Long before Orwell or Carroll, the Chinese philosopher Confucius said that, when words had lost their meaning, it was time for a rectification of names, because “…if names be not correct, language is not in accordance with the truth of things. If language be not in accordance with the truth of things, affairs cannot be carried on to success.”
At least since 2006, when the Democrats took over Congress, it’s fair to say that affairs have not been particularly carried on to success, at least for the American people. It is past time to rectify the names, to take back the language from these lexigraphical thieves. And I modestly propose that we start with the word “liberal.”

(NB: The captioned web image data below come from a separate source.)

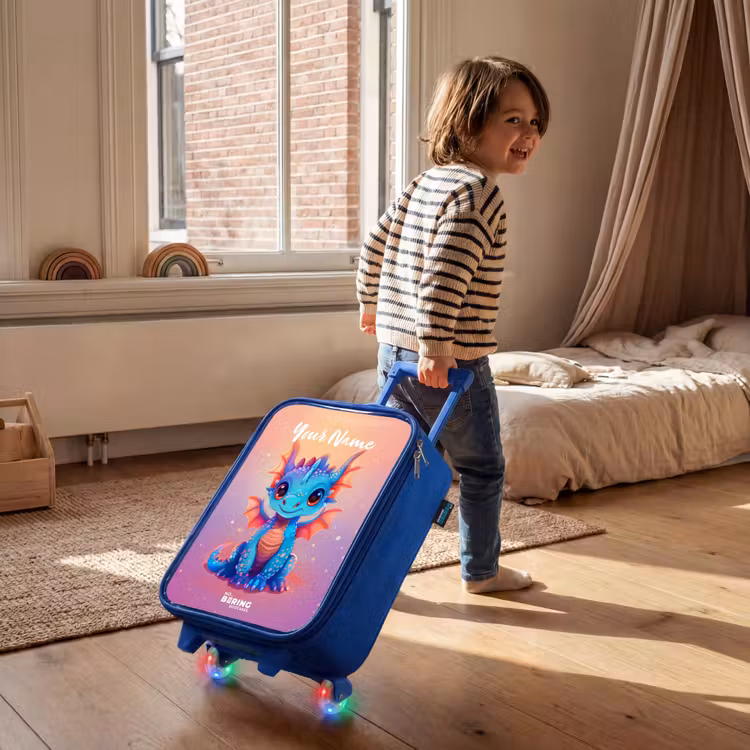 Schattige baby draak Kinderkoffer - Blauw klein -sfeer1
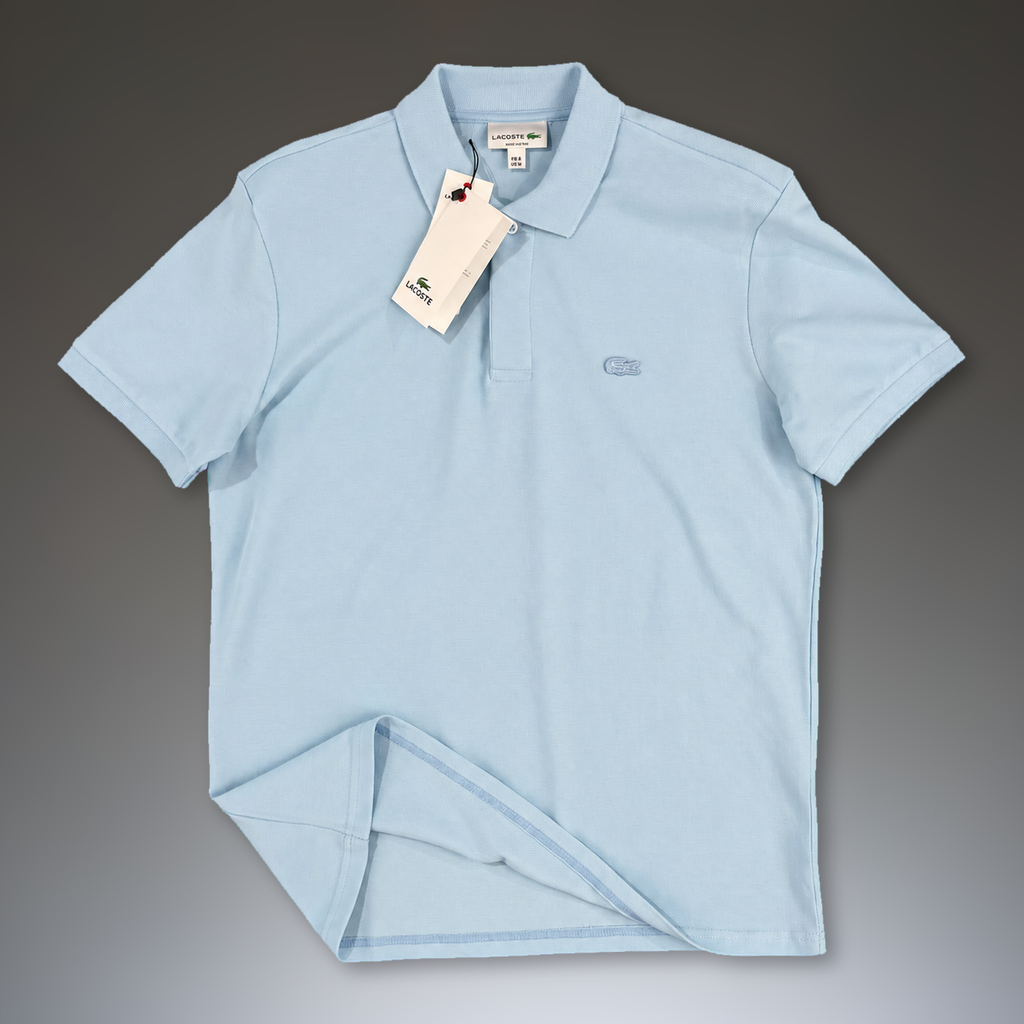 Lacoste moška polo majica, logotip v tonu, svetlo modra. Vrhunska kakovost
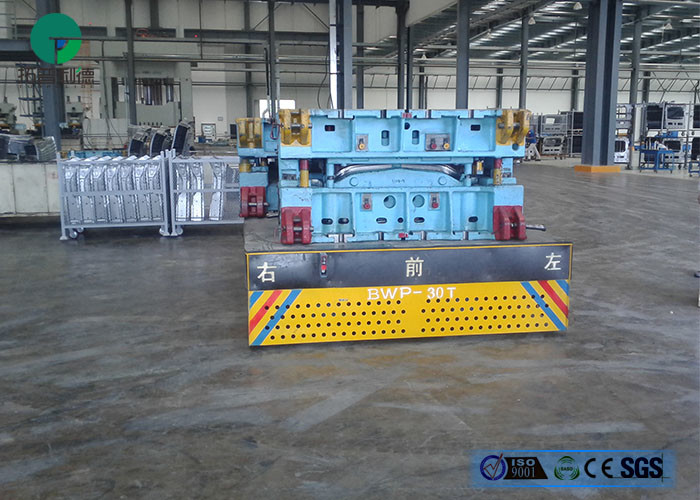 10t Double Motor Drive 4 Wheel Electric Trandport Cart On Cement Floor For Roll Handling
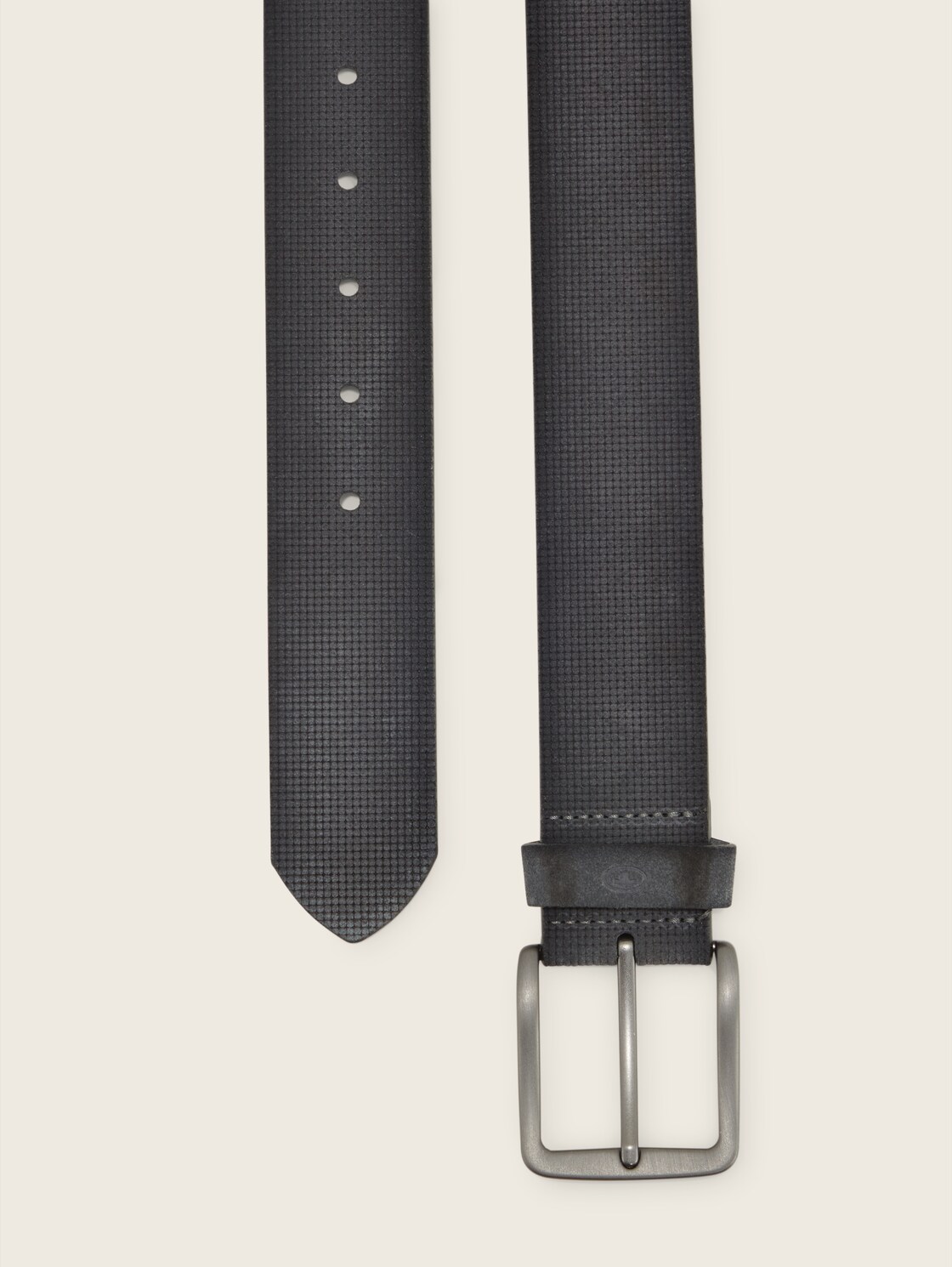 TTBART Ledergürtel mit eckiger Dornschließe - grey uni - Produkt-Ansicht von oben 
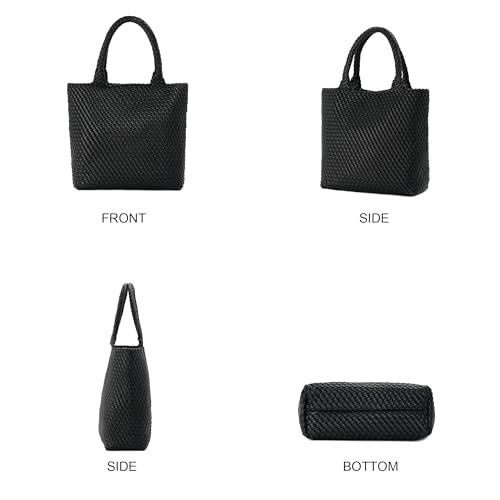 Image of BAGOK Woven Tote Bag for Women, Handwoven Vegan Leather Shoulder Bag with Clutch, Large Tote for Work, Travel & Beach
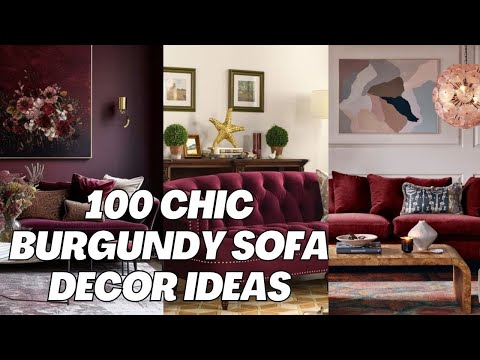 100 Chic Burgundy Sofa Ideas for Living Room Decorations. Burgundy Color Decor in Living Room.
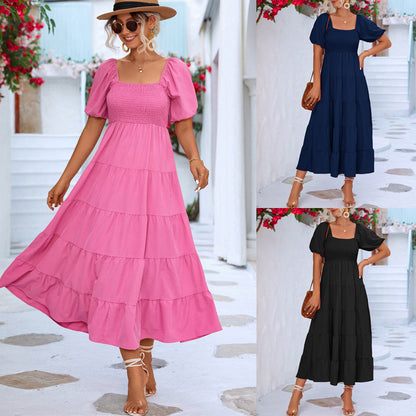 Vestido largo informal de verano para mujer, estilo bohemio, color liso, con hombros descubiertos y volantes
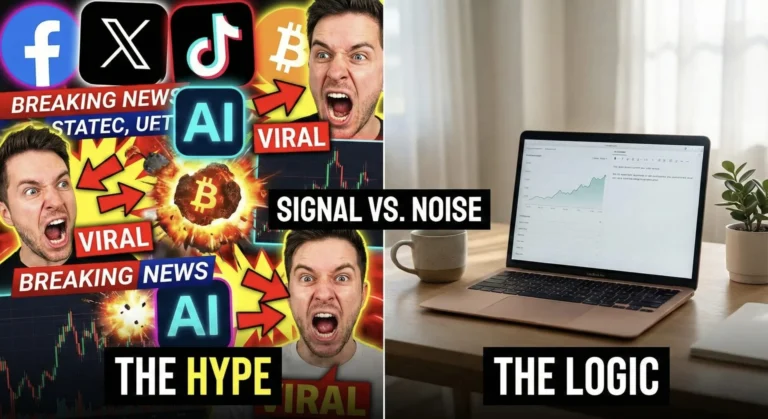 Image showing Hype versus Logic. On the left are thumbnails of YouTubers with their "shocked" faces and other social media logos. On the right shows the calm of logic.
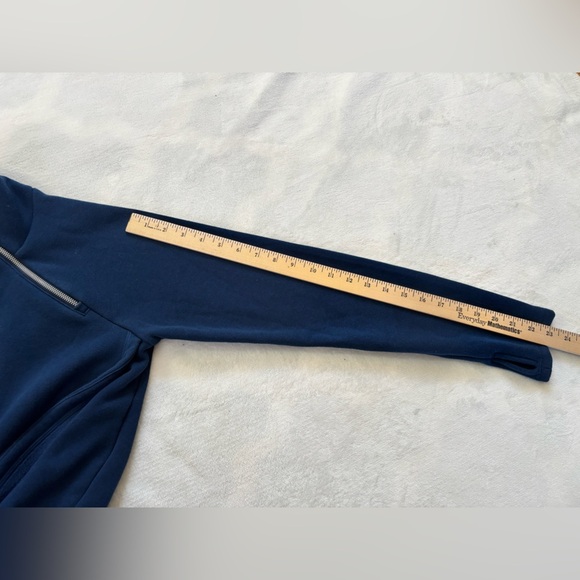 Athleta Pullover Dark Blue Cozy Karma Asymmetrical Zip Fleece Sweatshirt Size M - Picture 6 of 13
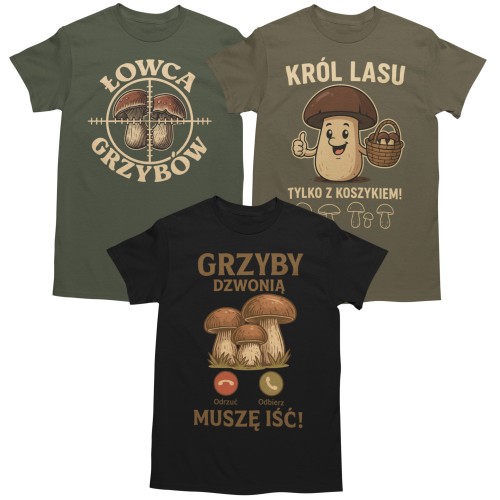Zestaw 3x Koszulka Męska 3pak T-shirt Męski zestaw 3szt Koszulki Na Grzyby Z Grzybami 1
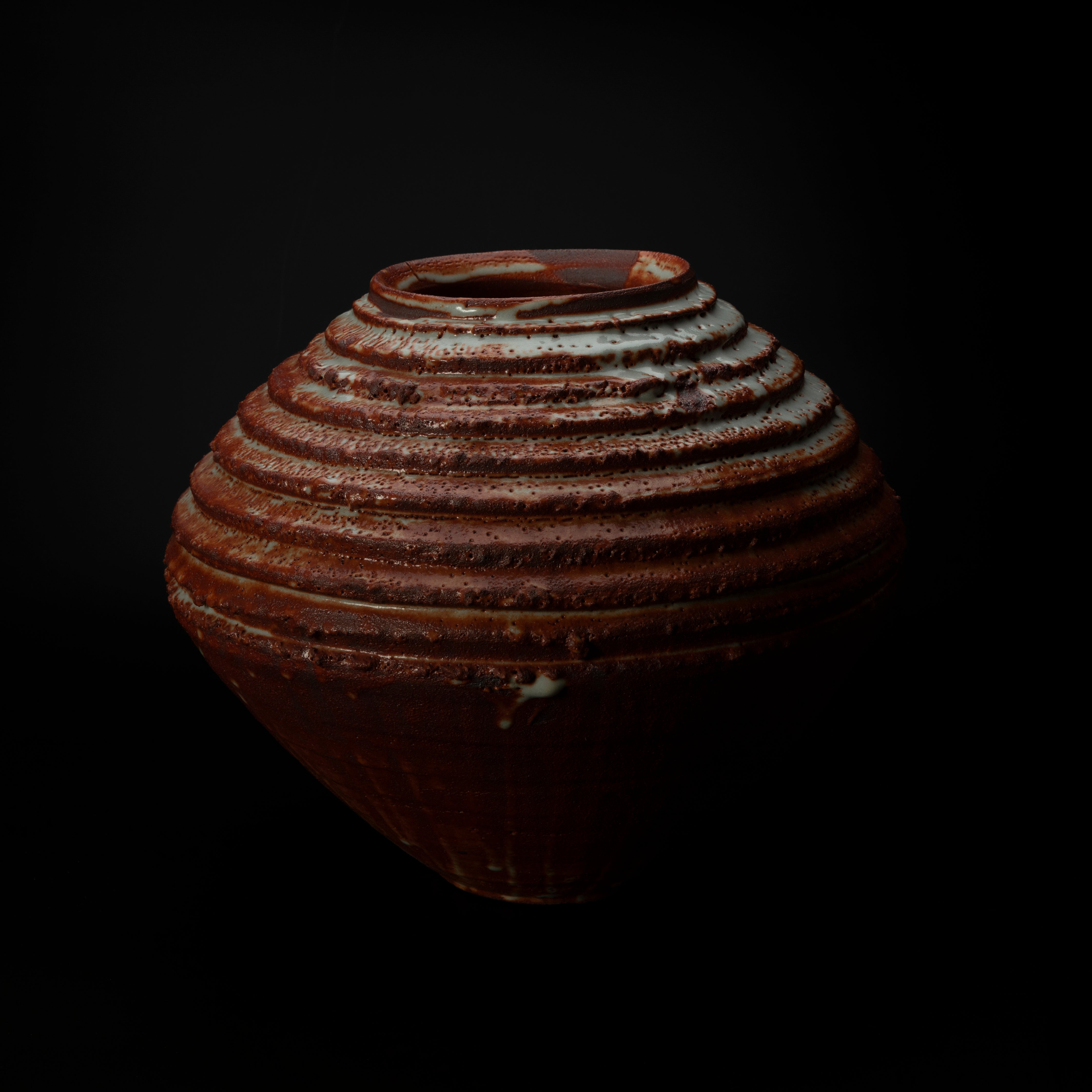 林正太郎造 鼠志野 花入れ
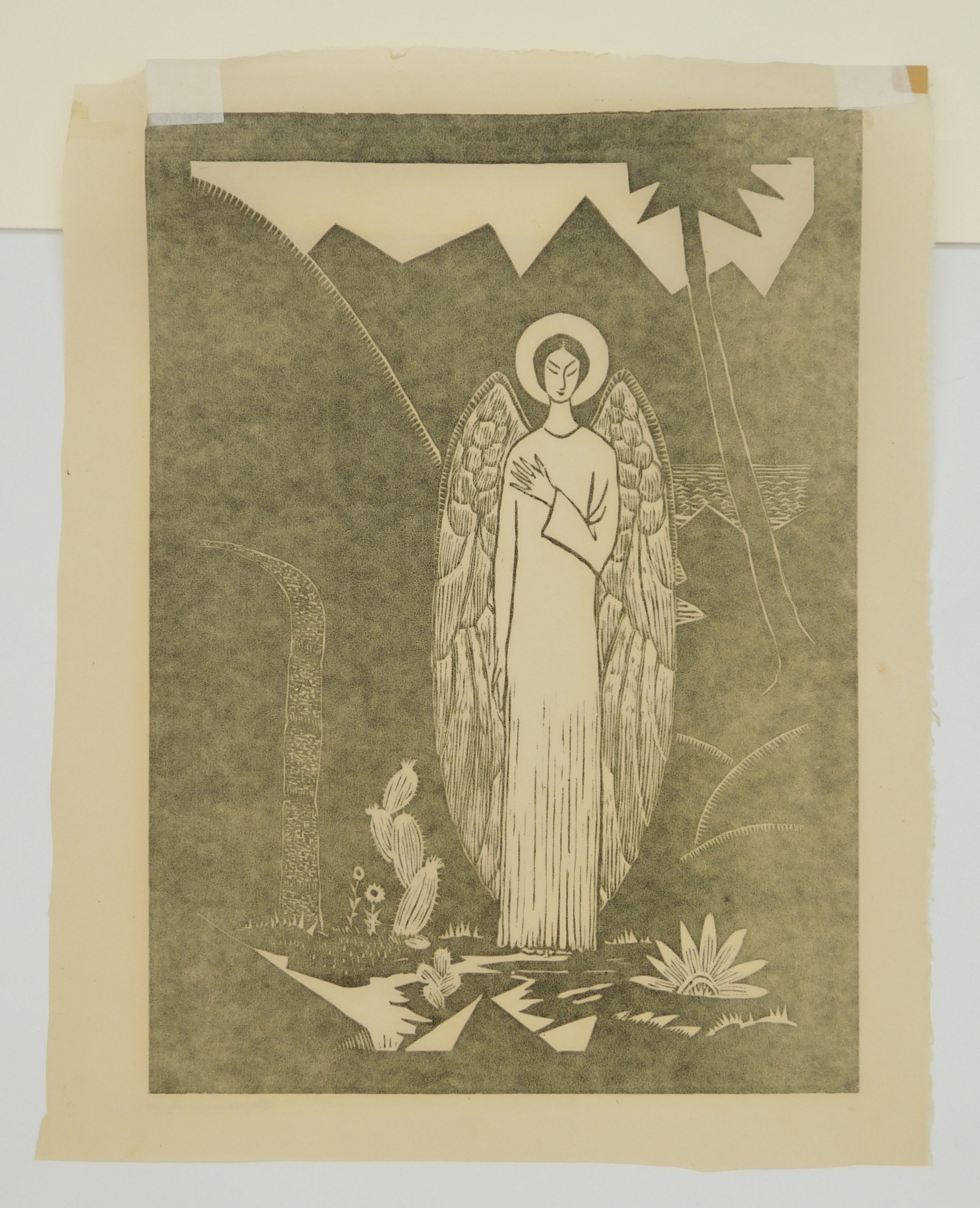 A four-panel woodcut collage depicting religious and domestic scenes with stark black-and-white contrast.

Related: The coddling of the American mind:
We have been studying this development for a while now, with rising alarm. (Greg Lukianoff is a constitutional lawyer and the president and CEO of the Foundation for Individual Rights in Education, which defends free speech and academic freedom on campus, and has advocated for students and faculty involved in many of the incidents this article describes; Jonathan Haidt is a social psychologist who studies the American culture wars. The stories of how we each came to this subject can be read here.) The dangers that these trends pose to scholarship and to the quality of American universities are significant; we could write a whole essay detailing them. But in this essay we focus on a different question: What are the effects of this new protectiveness on the students themselves? Does it benefit the people it is supposed to help? What exactly are students learning when they spend four years or more in a community that polices unintentional slights, places warning labels on works of classic literature, and in many other ways conveys the sense that words can be forms of violence that require strict control by campus authorities, who are expected to act as both protectors and prosecutors?
They’re questions more people at universities need to be asking themselves.
Also related: “Speech nuts“:
Speech nuts, like gun nuts, have amassed plenty of arguments, but they—we—are driven, too, by a shared sensibility that can seem irrational by European standards. And, just as good-faith gun-rights advocates don’t pretend that every gun owner is a third-generation hunter, free-speech advocates need not pretend that every provocative utterance is a valuable contribution to a robust debate, or that it is impossible to make any distinctions between various kinds of speech. In the case of online harassment, that instinctive preference for “free speech” may already be shaping the kinds of discussions we have, possibly by discouraging the participation of women, racial and sexual minorities, and anyone else likely to be singled out for ad-hominem abuse. Some kinds of free speech really can be harmful, and people who want to defend it anyway should be willing to say so.
I’m certainly willing to say so. It’s the price we pay for liberty. But note, this author also falsely identifies these totalitarian speech police as “liberals.”